Then came the Neoclassical economics in 1900s which brought new school of thought which aligns with “the rational behavior theory” stating that people think rationally while making economic decisions. Hence, they are ready to pay the price of a thing/ resource based on the value it brings to them.

In simple words, the classical economics believes that the price of any product is dependent its cost of production. Whereas, neoclassical economics believes that the price of product is dependent upon the utility to the customers not its cost of production.   

The conventional nature of economics – the problem

For many years the main idea behind the theories in the economics is that the people are rational while making any decision related to money. Every person exposed to a product/service has well defined preferences and unbiased ideas and expectations. These unbiased ideas make people to choose whatever is the best for them.

These ideas in the conventional economics lead the economists to formulate and study economics mathematically as inspired from the physicists. Physicists theorized an idea and based on the mathematical principles developed models which can predict the nature and behavior of objects- from a ball to the motion of planets around the sun. Hence, in economics you will find many complicated mathematical equations and wild correlations (a correlation is degree of dependence of two datasets). One funny representation is as follows, somebody found out that the there is strong positive correlation between the pool drowning deaths and movie releases of Nicolas cage. So does that mean that people were so fed up with nick’s movies so that they preferred drowning over his films. Definitely No! I am a fan here.

Here is one more:

There was this funny correlation that the skirt length was related to the stock market movement called ‘the Hemline theory’. A theory saying that stocks prices move in the same direction as the hemlines of women’s dresses. For example, short skirts (1920s and 1960s) indicating bullish and long skirts (1930s and 1940s) indicating bearish markets.(!)

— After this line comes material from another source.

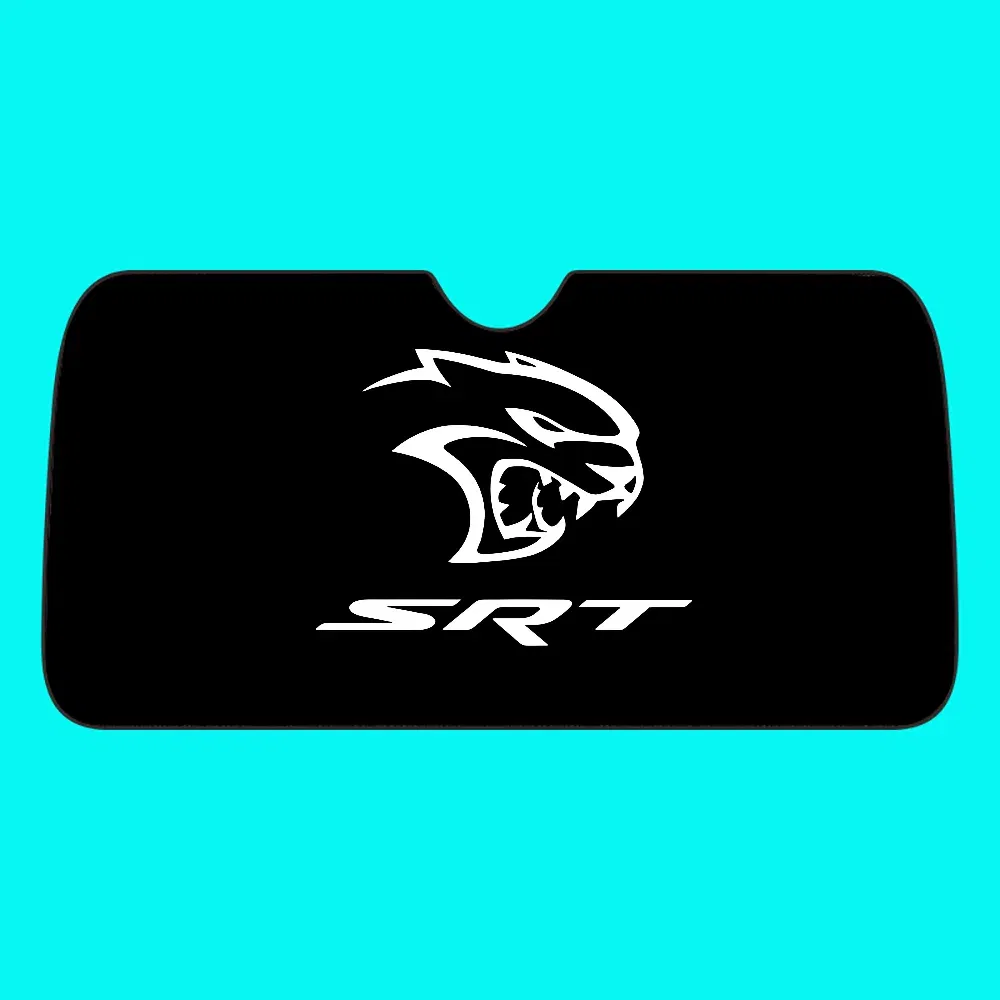 Color: Gold - S-SRT D-Dodge Challenger Car Car SunShade Windscreen Front Window Visor 70x130cm Sun Visor Solar Protect Plaid Gift Novelty Car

These are some of the reasons why the economists and their models remained part of funny discussions. This was one of the reasons why many economical models were applicable to limited datasets. The problem is not about the flaws in these ideas, the problem is that many big financial, political, life altering decisions were made based on such theories and models.

I mean these models were not completely wrong; nothing is perfect, there is always room for improvement.

Quest for establishing the correlation between human behavior and economic theories-

When economists were in the establishment of mathematical foundations of the subject causing their economics to reflect the equations and theorems, the psychologist directed their studies more towards experimental approach for the development of psychology. Their theories were more of verbal and theme based, that is also the reason why you can find psychology as a set of vocabulary itself.

Psychologists in some sense developed the ideas about how we interact with others and materials, resources around us. What affects out decision making when we interact with each other and things in our surroundings.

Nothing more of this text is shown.